Après la période « Auteur » de Van Sant, après celle de « l’Artisan » (hollywoodien), Gerry inaugure la phase « Artiste » de son œuvre. Gerry, Elephant, Last Days rompent à la fois avec la facture hollywoodienne des quatre précédents films, sans revenir pour autant à l’esthétique des premiers. Le récit y prend une forme d’installation, à base de boucles temporelles, réitération de situations, primauté de la sensation sonore et optique pure. Les trois films orchestrent des rondes à la fois calmes et morbides, douces mais létales. Par maints aspects (la figure de l’adolescent, l’inscription de l’action à Portland, les effets de déconstruction temporelle du récit, le financement en large partie français du film), Paranoid Park prolonge la trilogie de la mort amorcée avec Gerry. Et pourtant, le film esquisse aussi une nouvelle échappée. Le film est moins arc-bouté sur un dispositif conceptuel, plus simplement narratif. Et le retour au récit ouvre à nouveau sur la possibilité de l’amour et du « happy end ».

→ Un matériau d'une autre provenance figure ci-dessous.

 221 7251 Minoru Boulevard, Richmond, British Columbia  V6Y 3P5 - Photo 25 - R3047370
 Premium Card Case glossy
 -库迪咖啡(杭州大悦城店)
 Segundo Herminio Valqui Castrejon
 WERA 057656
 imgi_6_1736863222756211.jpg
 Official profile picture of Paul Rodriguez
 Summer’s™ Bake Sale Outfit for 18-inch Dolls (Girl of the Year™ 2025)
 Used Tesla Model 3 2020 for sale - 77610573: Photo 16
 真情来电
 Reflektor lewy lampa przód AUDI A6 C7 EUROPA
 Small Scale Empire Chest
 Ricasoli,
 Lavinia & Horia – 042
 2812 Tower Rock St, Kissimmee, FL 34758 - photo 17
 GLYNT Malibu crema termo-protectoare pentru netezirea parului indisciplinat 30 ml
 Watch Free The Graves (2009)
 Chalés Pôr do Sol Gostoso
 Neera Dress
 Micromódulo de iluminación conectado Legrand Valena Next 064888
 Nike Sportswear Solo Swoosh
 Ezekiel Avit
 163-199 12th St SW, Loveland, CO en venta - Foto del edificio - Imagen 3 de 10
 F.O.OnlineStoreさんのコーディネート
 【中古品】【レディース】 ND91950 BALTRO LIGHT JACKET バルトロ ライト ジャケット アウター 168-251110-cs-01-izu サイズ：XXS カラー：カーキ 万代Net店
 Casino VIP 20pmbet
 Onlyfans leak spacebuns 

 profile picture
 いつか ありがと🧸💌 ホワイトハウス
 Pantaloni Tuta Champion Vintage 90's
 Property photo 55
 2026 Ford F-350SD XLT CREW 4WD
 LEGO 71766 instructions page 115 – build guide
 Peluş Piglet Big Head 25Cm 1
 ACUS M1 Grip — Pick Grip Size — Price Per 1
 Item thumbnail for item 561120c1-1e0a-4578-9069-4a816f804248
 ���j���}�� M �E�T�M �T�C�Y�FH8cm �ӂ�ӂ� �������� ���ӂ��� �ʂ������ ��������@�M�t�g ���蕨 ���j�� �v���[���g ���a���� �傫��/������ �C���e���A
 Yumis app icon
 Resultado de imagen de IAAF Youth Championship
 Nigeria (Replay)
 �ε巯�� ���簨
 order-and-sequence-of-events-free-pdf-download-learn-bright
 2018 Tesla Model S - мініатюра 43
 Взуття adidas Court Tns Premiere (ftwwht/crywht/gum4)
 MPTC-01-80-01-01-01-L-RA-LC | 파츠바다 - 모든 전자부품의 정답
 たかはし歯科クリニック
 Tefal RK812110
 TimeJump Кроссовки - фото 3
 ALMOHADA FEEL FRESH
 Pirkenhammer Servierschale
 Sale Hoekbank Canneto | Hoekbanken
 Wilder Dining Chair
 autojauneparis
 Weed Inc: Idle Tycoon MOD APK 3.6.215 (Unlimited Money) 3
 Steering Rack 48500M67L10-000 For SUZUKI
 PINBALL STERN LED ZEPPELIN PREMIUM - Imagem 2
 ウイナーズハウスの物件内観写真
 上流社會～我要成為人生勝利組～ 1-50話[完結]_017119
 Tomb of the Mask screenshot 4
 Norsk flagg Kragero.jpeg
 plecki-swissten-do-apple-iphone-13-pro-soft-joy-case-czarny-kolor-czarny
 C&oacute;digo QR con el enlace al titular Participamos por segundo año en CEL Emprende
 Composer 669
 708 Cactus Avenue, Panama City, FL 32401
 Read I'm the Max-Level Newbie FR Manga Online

Peu d’œuvres, ces vingt dernières années, ont aussi méthodiquement exploré les différentes positions (à la fois économique et esthétique) que pouvait occuper un cinéaste dans tout le spectre du cinéma (et on ne parle même pas de tous les « home movies » de quelques minutes, clips, objets divers qu’elle recèle et qui restent pour la plupart invisibles). Nul doute que cette œuvre labile d’un cinéaste encore à peine quinquagénaire n’a pas fini de prendre des directions imprévues dans sa trajectoire vagabonde.